### DATA TO PROCESS
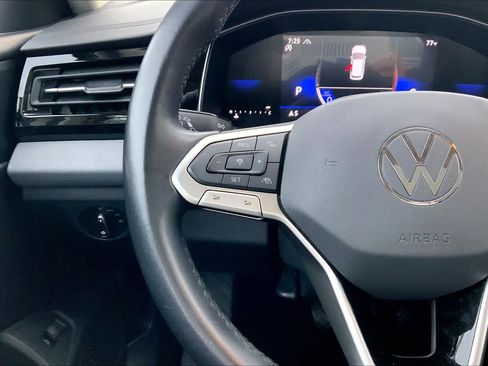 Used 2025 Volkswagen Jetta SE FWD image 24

...

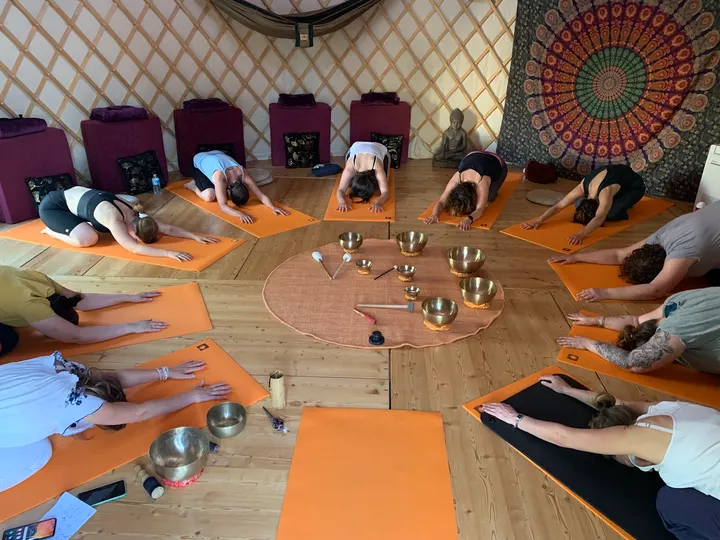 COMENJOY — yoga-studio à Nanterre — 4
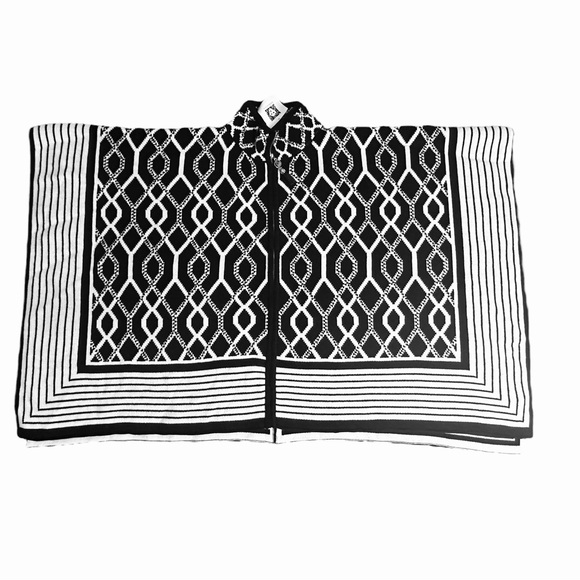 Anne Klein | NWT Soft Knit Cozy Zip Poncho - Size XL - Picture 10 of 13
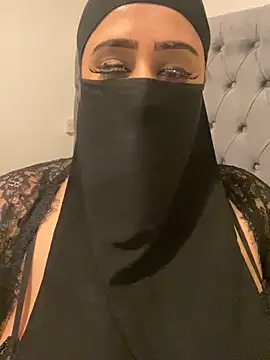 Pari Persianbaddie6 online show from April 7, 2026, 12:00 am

### EXERCISE GOAL
With the pictures omitted, print the lines above exactly, beginning at the line with "Anne Klein |" and going on through the line with "Pari Persianbaddie6 online".

### WRITTEN SOLUTION
 Anne Klein | NWT Soft Knit Cozy Zip Poncho - Size XL - Picture 10 of 13
 Pari Persianbaddie6 online show from April 7, 2026, 12:00 am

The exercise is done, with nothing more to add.